Técnica de atuação japonesa: o ator trabalha de perfil ou de costas para a câmera — emoção transmitida pela tensão corporal, não pela expressão facial. Método central do teatro Kabuki e Noh, ainda presente no cinema japonês.
Kagezerifu — a atuação na sombra, sem direcionar o olhar diretamente para a fonte de luz. Isso pode parecer uma limitação à primeira vista, mas é uma técnica que coloca o corpo inteiro a serviço da emoção. O ator desvia o rosto ou o mantém deliberadamente em luz difusa, enquanto os ombros, o pescoço, toda a postura contam o que normalmente o rosto faria. No cinema ocidental, chamaríamos isso de underacting — mas Kagezerifu é mais preciso: não é underacting por falta, mas uma transferência consciente da força expressiva para a tensão corporal, o ritmo da respiração, a qualidade do movimento.

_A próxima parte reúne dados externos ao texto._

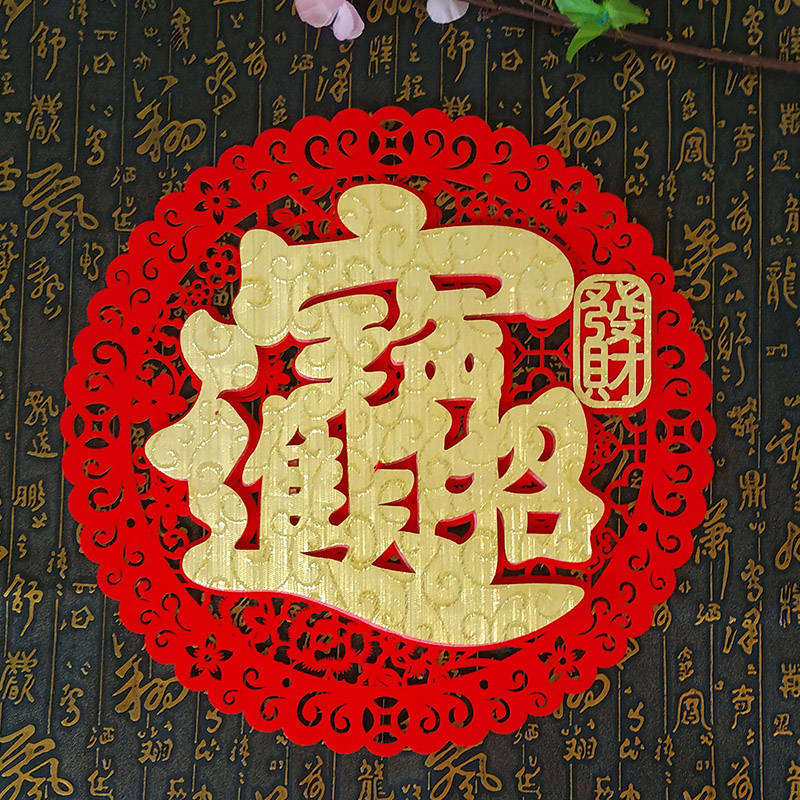 2022虎年福字贴窗花门贴加厚毛毡布立体福字自粘墙贴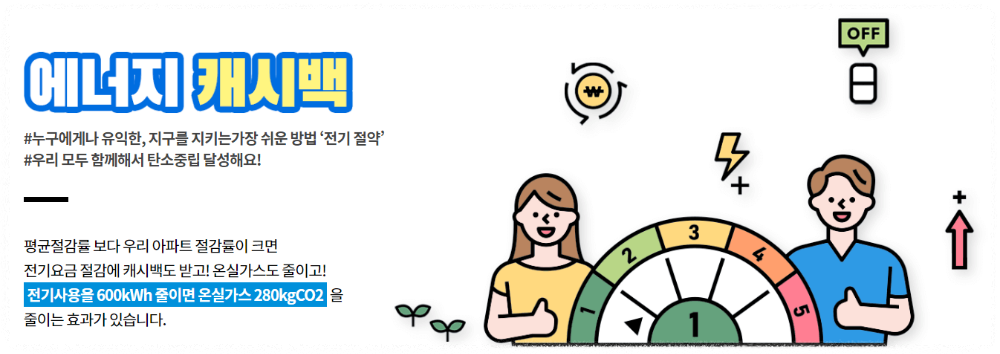 에네저 캐시백 홈페이지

As raízes estão no teatro Kabuki e Noh, onde a máscara ou o rosto estilizado, de qualquer forma, não podiam carregar o peso emocional — toda a presença física tinha que falar. Essa estética se manteve na tradição cinematográfica japonesa. Yasujirō Ozu adorava essa postura em seus atores: eles sentavam, e o peso de seu sentar era o drama. Nenhum olhar para a câmera, nenhuma contração facial — apenas a qualidade da presença no espaço. Diretores japoneses modernos como Hirokazu Koreeda trabalham com isso quando querem que uma cena não seja sentimental, mas sim ressonante.

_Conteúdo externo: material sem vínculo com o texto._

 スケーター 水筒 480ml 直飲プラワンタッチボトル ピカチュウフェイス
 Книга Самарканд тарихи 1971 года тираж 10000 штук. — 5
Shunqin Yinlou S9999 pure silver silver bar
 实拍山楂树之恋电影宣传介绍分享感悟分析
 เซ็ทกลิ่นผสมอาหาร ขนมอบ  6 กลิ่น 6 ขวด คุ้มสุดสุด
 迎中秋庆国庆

No set, isso significa para a câmera: você não ilumina o rosto como informação principal, mas cria espaços de luz nos quais o ator entra e sai. A iluminação se torna mais arquitetônica, menos psicológica. A edição precisa pensar junto — nem todo corte pode ir para o rosto quando o momento vive no ombro. Muitos atores ocidentais acham isso estranho no início, porque somos treinados para entender o rosto como um instrumento. Mas assim que um intérprete entende que o pescoço pode expressar tanto quanto um olhar, uma nova dimensão de expressão se abre.

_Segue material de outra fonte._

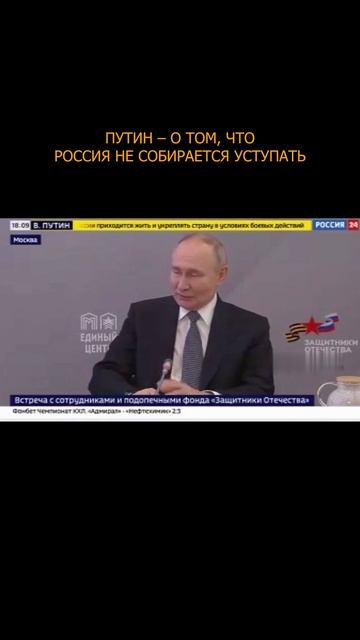 ⚡️ Путин – о том, что Россия не собирается уступать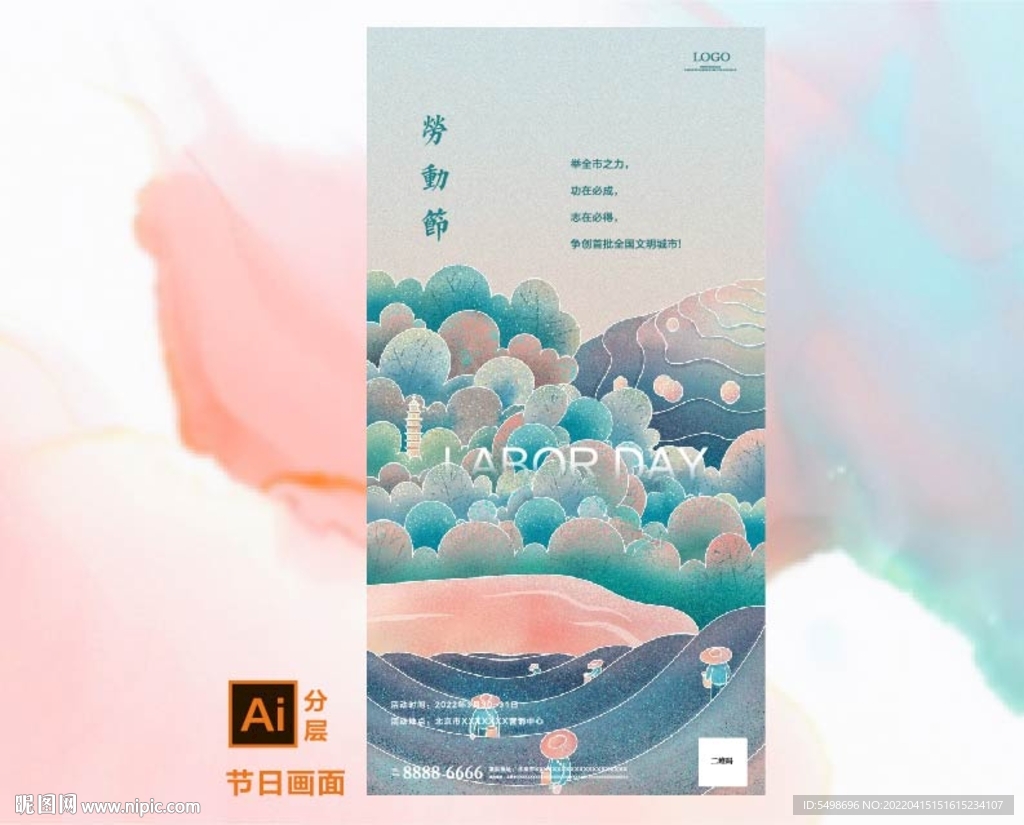 劳动节活动海报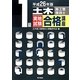 1級土木施工管理技士実地試験合格講座〈平成26年版〉 [単行本]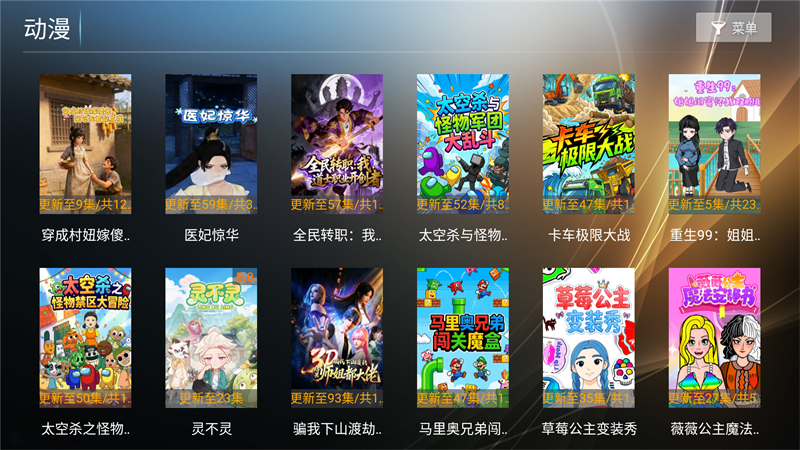 橙子TV电视版2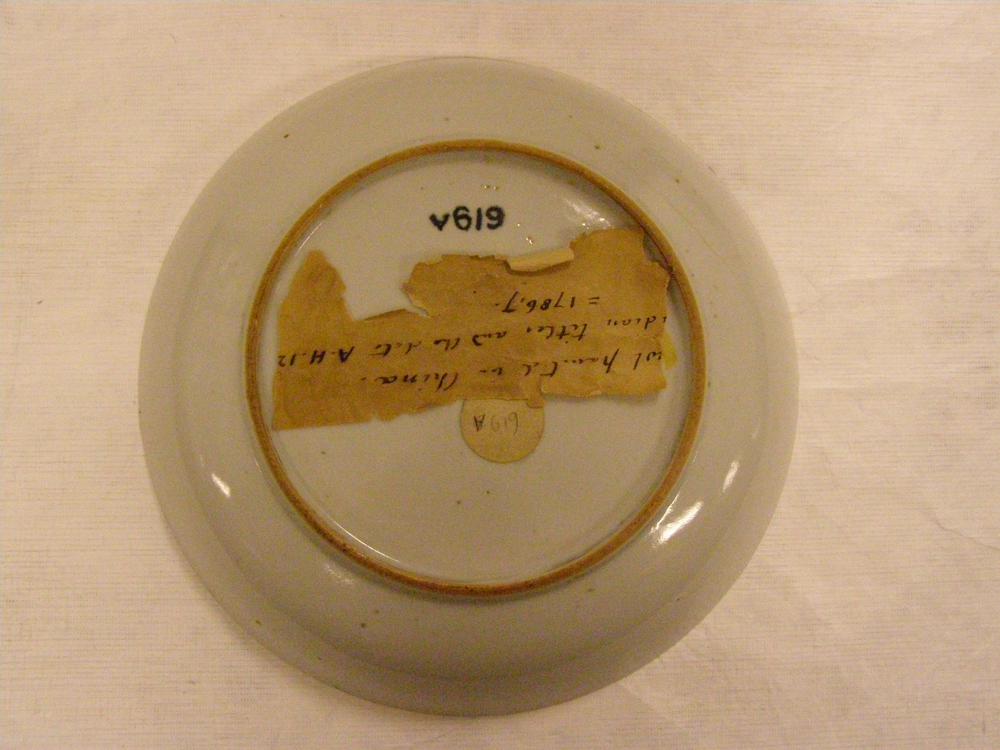 图片[4]-dish; magic bowl BM-Franks.619.a-China Archive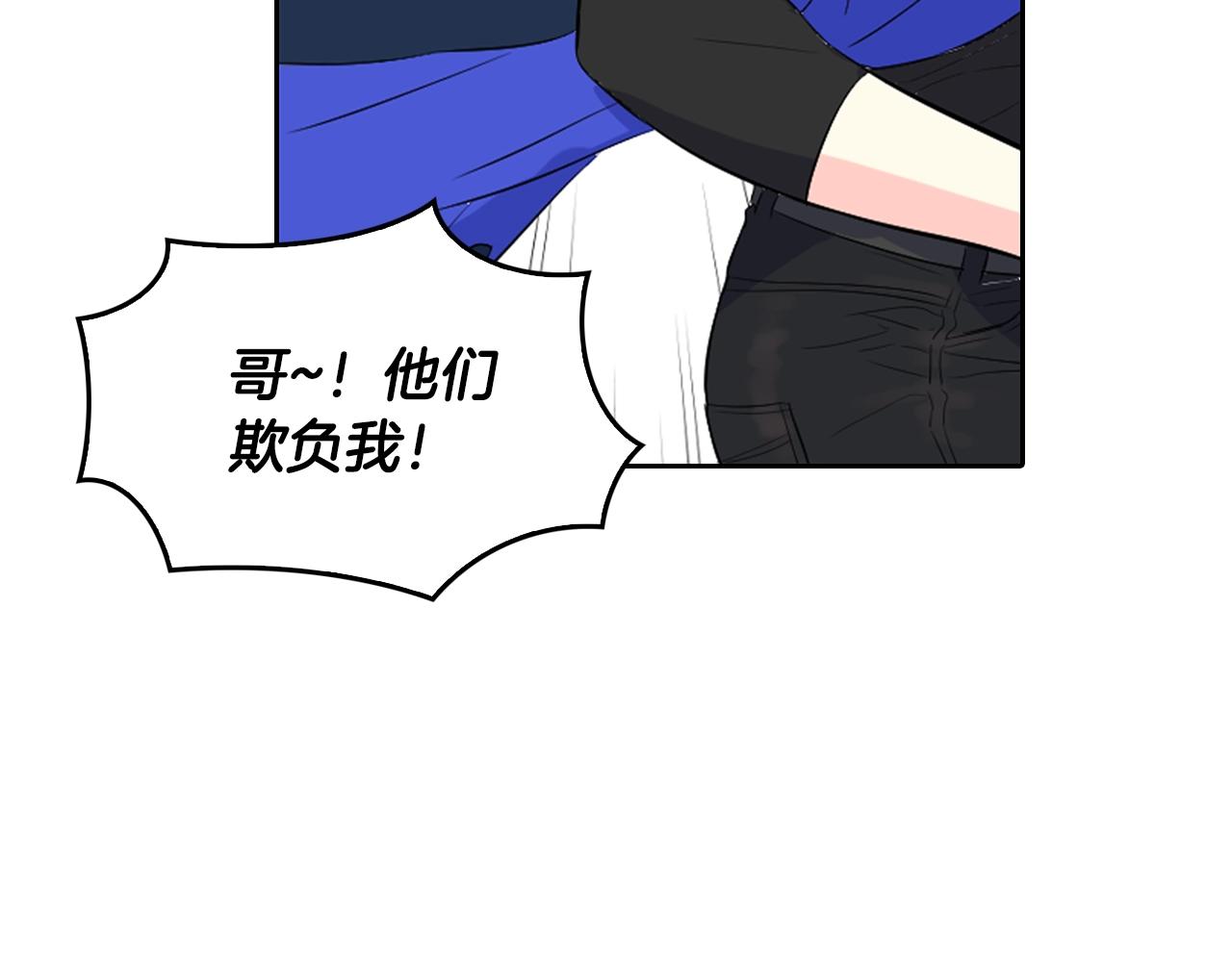 第34话 我们做一辈子朋友7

O contraponto seria, por exemplo, a poética do close-up do cinema soviético ou a intensidade das tomadas próximas do neorrealismo italiano. Kagezerifu é mais silencioso, mais distribuído, menos focado em momentos individuais. Funciona melhor em filmes que têm tempo — onde a câmera pode esperar até que algo se torne visível apenas pela presença. No cinema comercial, é encontrado com menos frequência, mas todo bom diretor deve conhecer essa técnica para usá-la pontualmente, para desacelerar ou refinar cenas.